When in 1885 the leader of this party, Parnell, perfectly expressing the interests of the Southern Irish capitalists, demanded that a Home Rule parliament should have the power to impose tariffs, alarm bells began to sound in Northern Ireland, especially as the nationalists were playing the Catholic card (although Parnell himself was a protestant). This was a shrewd move on their part since, the Catholics being in a majority in Ireland, it was an easy way of ensuring majority support for their programme. Election results from this period confirmed the effectiveness of this tactic.

Faced with the prospect of being cut off from the rest of Britain, and its overseas markets and sources of raw material, behind the tariffs walls of a mainly agricultural Ireland governed by obscurantist and incompetent nationalist politicians, the Belfast and district industrial capitalists decided in their turn to play the Orange card: to stir up and play on Protestant fears of “Rome Rule”. This worked too, so that from the 1880s onward the workers and small farmers of Ireland were lined up, according to their religious background, behind one or other of the two rival sections of the capitalist class in Ireland; the Protestants behind the big capitalists of the industrial North-East and the Catholics behind the fledgling capitalists of the South.

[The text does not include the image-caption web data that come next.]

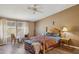 Cozy bedroom featuring a wooden bed frame, wood floors, and natural light at 43228 N 14Th St, New River, AZ 85087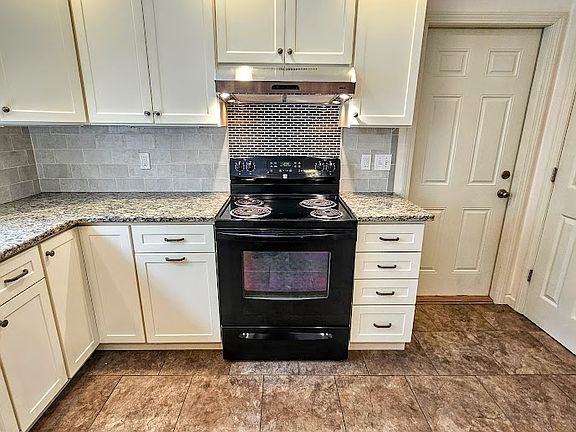 Kitchen stove, cabinets, and door to garage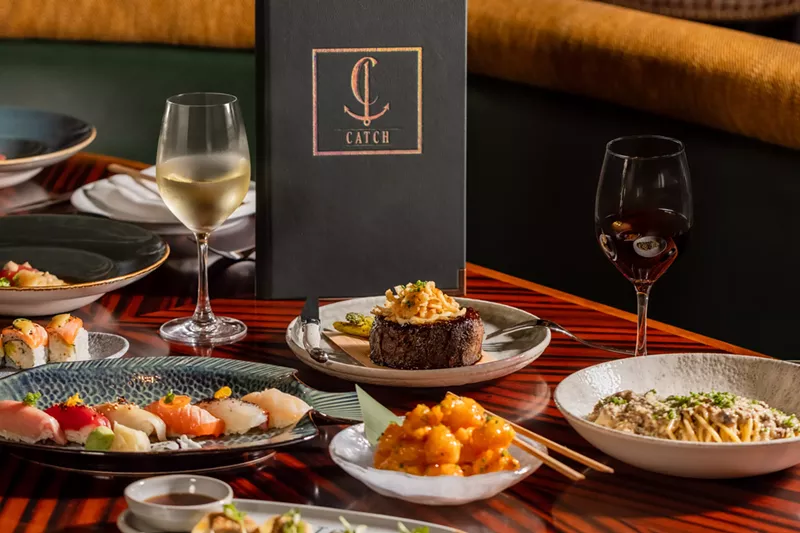 Image: Full table of dishes and drinks from Catch.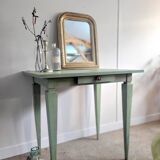 Green side table with tapered legs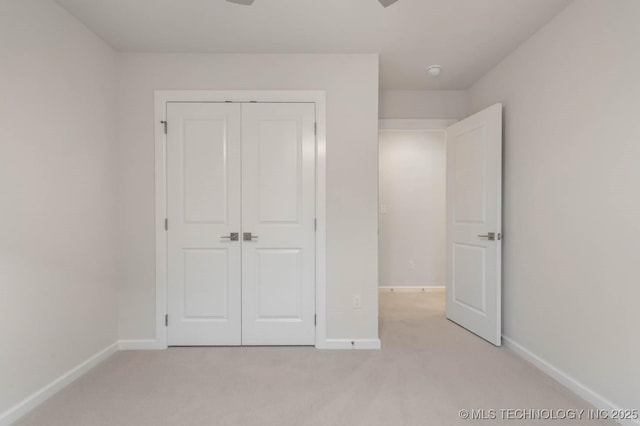 unfurnished bedroom with baseboards, a closet, and light colored carpet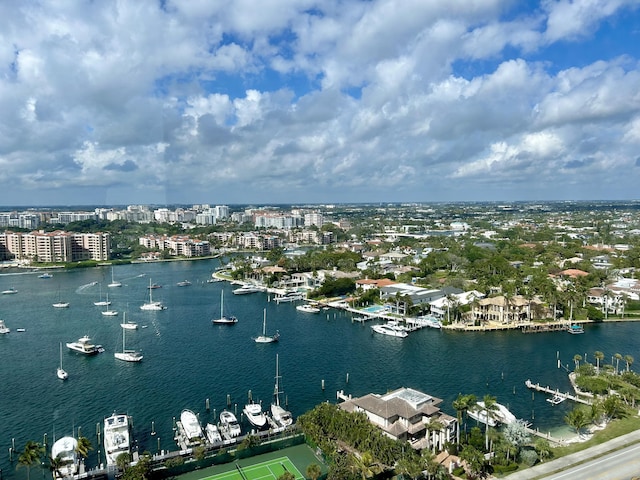 birds eye view of property with a view of city and a water view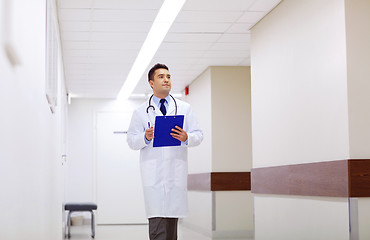 Image showing doctor with clipboard walking along hospital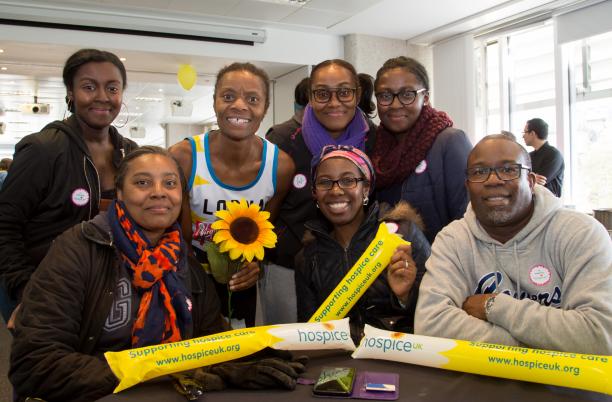 A group of Hospice UK supporters at the London Marathon with sunflowers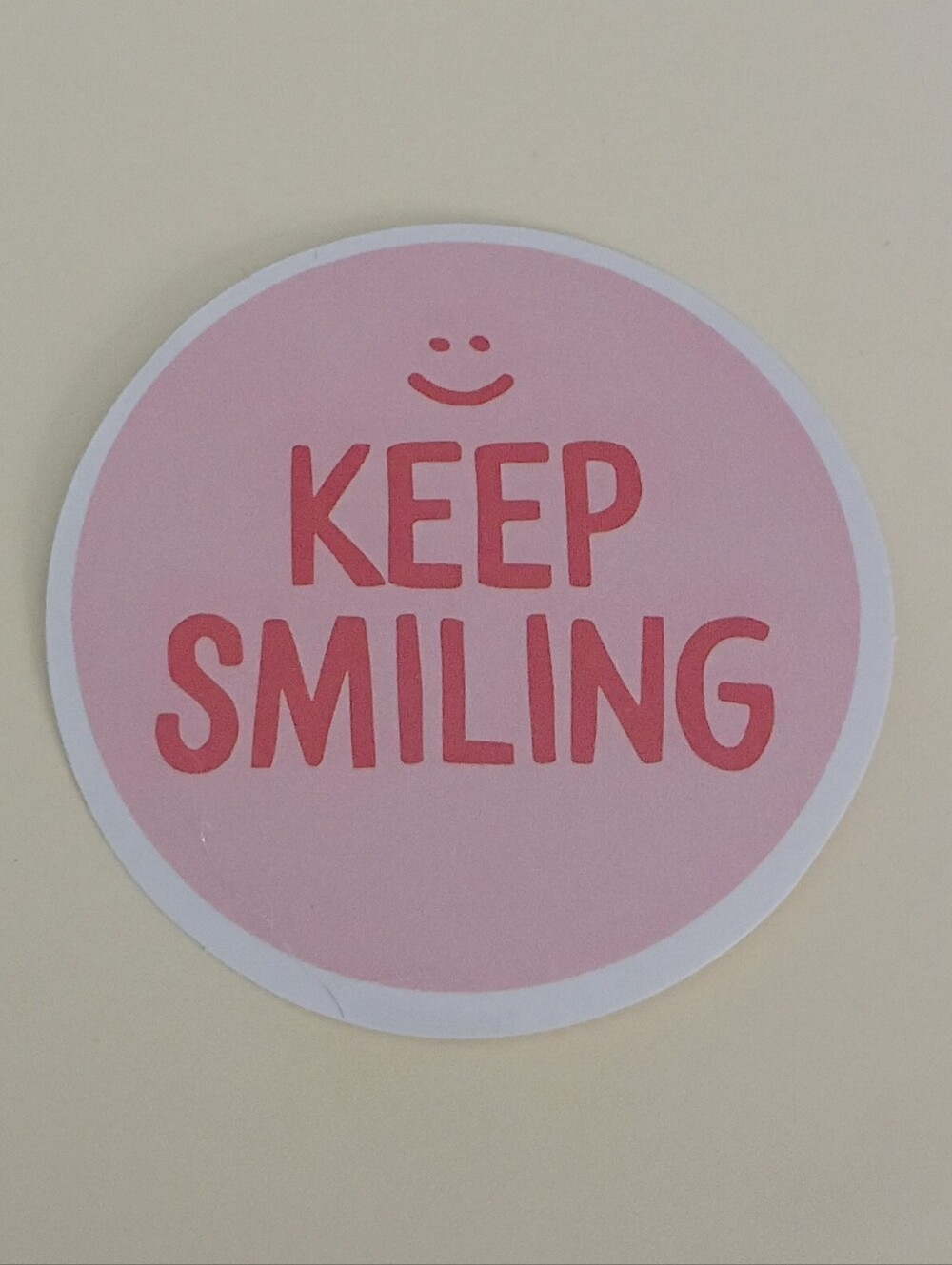 10/$10 Sticker - Keep Smiling - Pink Circle With Red Text & Smiley Face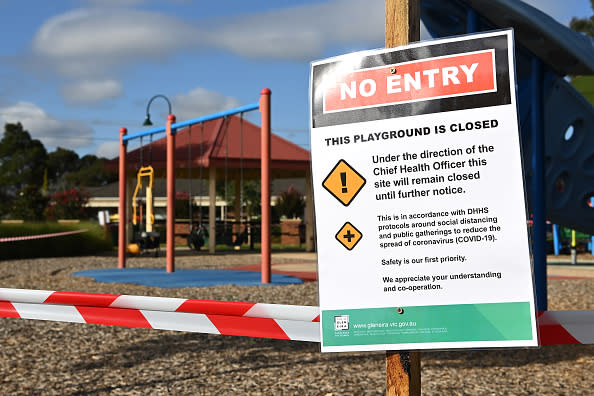 An information notice stating the closure of outdoor playground equipment is seen in Melbourne.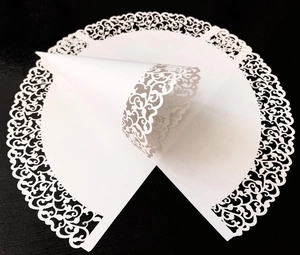 Detail of white laser-cut confetti cone with intricate lace pattern for weddings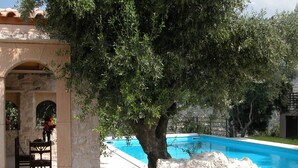 A stone pool with a tree in the foreground, a stone archway, and a chair. - Villa Despoina in Malades (Malades)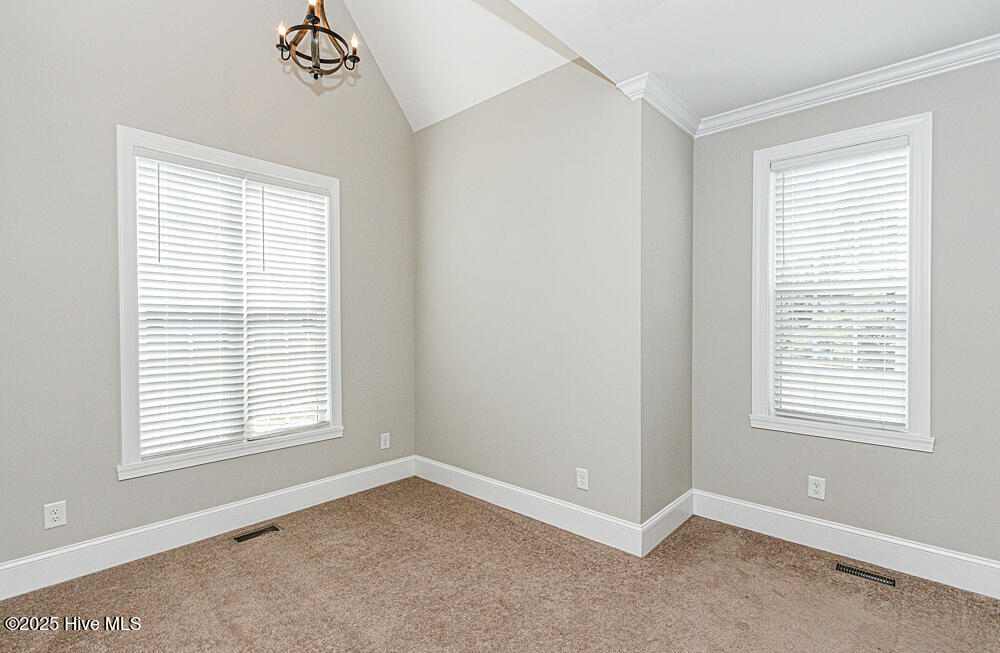 8700 Commercial Road Elm City, NC 27822 - Photo 30 of 74 Primary bedroom on 1st floor with additional sitting area.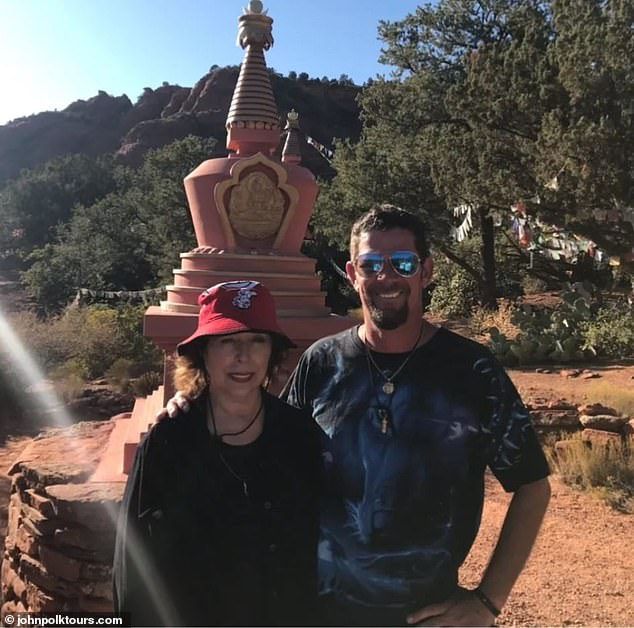 Polk, pictured with his mother Anna at the Buddha Stupa in Sedona, believes Sedona is such a high-traffic area for UFOs due to the vortexes the city is known for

It is from this period that dates the mythology and rhetoric which still has some sway over sections of the working class in Northern Ireland. The Unionists beat the Lamberg drum and shouted “No Surrender”, “Not An Inch”, “Remember 1690”, “No Popery", “Home Rule is Rome Rule" and other such crudities. The Nationalists rewrote Irish history to make it appear as a 700-year long struggle (800-year long now!) of the “Irish Nation” to free itself from English domination. And they created an artificial pseudo-Gaelic culture—with harps, “Gaelic” games, Gaelicized names and other such affectations—to replace the real one which had long since died out on the East coast of Ireland where the bulk of the population lived.

Enter the Republicans
The only addition to this mythology since this period, and it is an important one, of course, is Republicanism. The Irish nationalist politicians were not republicans: they only wanted autonomy within the British Empire, a Home Rule parliament with certain economic powers. There was, however, a small minority, mainly “intellectuals” and Irish emigrants in America, who wanted to establish an independent Irish Republic by force of arms if necessary. The Irish Republican Brotherhood had been formed in 1865 but, apart from the Fenian “rising” in 1867 and the subsequent bombing campaign to try to secure the release of the Fenian prisoners, did little until Easter 1916. Then they staged what, if human lives had not been sacrificed, could only be described as a comic-opera rising: a relative handful of republican fanatics tried to take on the might of the British imperialist state in the middle of a war! Needless to say. they were easily crushed, and ruthlessly—the leaders, including the wounded James Connolly, propped up on a chair, were shot. The severity of the repression earned the republican cause considerable sympathy and support and after the end of the First World War the republicans, re-organised as the Irish Republican Army, waged what in Irish history books is called “the war of independence” against the British state and its army.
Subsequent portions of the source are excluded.